The 1974 Nobel Prize for Physics was awarded to Sir Martin Ryle and Antony Hewish for their pioneering efforts to tune in to radio broadcasts from the stars. Their development and use of radio-based versions of telescopes has broadened our view of the universe by revealing information about stars in remarkable detail.
Sir Martin Ryle applied his expertise in developing airborne radar systems during the Second World War to intercepting radio transmissions that stars send out as they burn their fuel. Constructing a series of telescopes consisting of radio antennae attached to large receiver dishes allowed Ryle to detect characteristics of the Sun, such as its surrounding layer of hot gas, called the corona. Recognising more faint and distant stars was a daunting task, thought to be possible only by building dishes of impossible proportions, but Ryle’s finest technical achievement was showing that this could also be achieved by connecting a series of small telescopes all pointing in the same direction, a set-up known as aperture synthesis.
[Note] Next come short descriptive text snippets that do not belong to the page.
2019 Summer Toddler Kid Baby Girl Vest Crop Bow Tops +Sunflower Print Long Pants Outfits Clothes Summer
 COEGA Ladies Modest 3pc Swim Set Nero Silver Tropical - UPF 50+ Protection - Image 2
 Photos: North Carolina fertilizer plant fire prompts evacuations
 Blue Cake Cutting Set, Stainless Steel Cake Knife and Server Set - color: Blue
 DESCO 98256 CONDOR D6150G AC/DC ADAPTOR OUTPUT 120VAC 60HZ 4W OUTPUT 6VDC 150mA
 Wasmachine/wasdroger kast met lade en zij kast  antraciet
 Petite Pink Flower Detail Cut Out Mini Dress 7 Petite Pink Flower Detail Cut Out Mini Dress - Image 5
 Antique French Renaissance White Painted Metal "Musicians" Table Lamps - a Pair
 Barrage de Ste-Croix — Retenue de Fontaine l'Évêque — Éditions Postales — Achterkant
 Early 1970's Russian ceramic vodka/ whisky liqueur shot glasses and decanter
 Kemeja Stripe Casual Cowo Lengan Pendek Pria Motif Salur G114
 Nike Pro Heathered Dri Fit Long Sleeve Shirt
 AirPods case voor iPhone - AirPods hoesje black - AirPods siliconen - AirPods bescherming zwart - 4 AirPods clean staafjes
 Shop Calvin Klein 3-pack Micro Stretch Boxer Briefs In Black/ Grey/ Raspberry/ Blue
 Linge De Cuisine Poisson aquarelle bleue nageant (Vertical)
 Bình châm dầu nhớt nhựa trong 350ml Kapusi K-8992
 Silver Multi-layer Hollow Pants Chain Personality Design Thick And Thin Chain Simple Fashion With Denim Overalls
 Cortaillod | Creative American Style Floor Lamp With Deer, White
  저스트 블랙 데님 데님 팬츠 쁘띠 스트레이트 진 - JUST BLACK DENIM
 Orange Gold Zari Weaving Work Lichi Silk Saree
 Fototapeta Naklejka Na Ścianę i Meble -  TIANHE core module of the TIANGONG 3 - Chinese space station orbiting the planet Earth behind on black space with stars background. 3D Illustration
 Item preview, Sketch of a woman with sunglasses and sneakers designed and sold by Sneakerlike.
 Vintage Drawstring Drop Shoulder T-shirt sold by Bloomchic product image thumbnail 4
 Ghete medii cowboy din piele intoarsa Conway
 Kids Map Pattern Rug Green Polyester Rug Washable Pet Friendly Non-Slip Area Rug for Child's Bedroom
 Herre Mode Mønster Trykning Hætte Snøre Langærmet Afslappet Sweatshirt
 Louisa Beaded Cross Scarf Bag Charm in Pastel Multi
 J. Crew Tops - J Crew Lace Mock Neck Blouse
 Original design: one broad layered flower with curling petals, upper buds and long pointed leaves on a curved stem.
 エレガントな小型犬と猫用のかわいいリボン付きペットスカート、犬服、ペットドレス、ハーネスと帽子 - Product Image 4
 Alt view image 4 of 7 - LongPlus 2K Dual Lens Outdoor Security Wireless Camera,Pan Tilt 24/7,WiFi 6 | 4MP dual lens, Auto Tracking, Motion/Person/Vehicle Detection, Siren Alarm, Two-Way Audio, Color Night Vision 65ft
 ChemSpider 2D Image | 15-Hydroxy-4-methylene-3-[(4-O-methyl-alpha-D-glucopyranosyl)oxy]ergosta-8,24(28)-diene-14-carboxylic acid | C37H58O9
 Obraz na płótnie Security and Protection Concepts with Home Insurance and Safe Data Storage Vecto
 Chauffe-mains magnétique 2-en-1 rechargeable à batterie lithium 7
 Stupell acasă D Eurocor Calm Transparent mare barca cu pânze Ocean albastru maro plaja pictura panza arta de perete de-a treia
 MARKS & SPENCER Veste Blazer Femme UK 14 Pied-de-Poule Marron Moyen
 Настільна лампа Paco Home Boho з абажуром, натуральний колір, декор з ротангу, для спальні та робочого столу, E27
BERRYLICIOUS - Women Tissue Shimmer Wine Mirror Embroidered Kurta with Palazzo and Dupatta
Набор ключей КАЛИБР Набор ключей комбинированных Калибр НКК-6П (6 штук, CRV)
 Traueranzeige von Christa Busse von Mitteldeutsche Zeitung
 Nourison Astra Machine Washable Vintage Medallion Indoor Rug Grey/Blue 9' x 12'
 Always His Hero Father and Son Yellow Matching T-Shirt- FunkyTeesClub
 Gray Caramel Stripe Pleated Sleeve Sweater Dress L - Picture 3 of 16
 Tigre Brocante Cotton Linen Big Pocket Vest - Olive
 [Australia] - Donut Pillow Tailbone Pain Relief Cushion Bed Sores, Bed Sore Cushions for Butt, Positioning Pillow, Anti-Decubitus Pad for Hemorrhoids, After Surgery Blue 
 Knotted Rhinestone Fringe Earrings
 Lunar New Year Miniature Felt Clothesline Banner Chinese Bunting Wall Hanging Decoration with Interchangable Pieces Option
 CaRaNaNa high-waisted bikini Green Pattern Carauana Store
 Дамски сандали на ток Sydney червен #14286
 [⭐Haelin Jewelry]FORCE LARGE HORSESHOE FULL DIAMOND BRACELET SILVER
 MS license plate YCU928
One of the most remarkable observations using radio astronomy was made in 1968, when Antony Hewish’s graduate student, Jocelyn Bell, spotted something in the skies that didn’t twinkle like a normal star. Spinning around rapidly this star shoots out a powerful lighthouse-like beam of radio waves, and as the beam repeatedly sweeps around it appears to blink every second when viewed from Earth. Hewish’s suggestion, later proved true, was that this so-called pulsar was the first sighting of the dense, burnt-out remains of a massive star that had been predicted to exist as far back as the 1930s. As these stars die spectacularly in a supernova explosion the extreme conditions fuse almost all the components of their atoms together to form a crushed ball of neutrons, hence their name neutron stars.
Ryle and Hewish’s Prize in Physics was the first to celebrate breakthroughs in astronomy. Ryle also had the additional honour of being the 100th individual to be awarded the Physics Prize since the first, Wilhelm Röntgen, in 1901.
Their work and discoveries range from how cells adapt to changes in levels of oxygen to our ability to fight global poverty.
See them all presented here.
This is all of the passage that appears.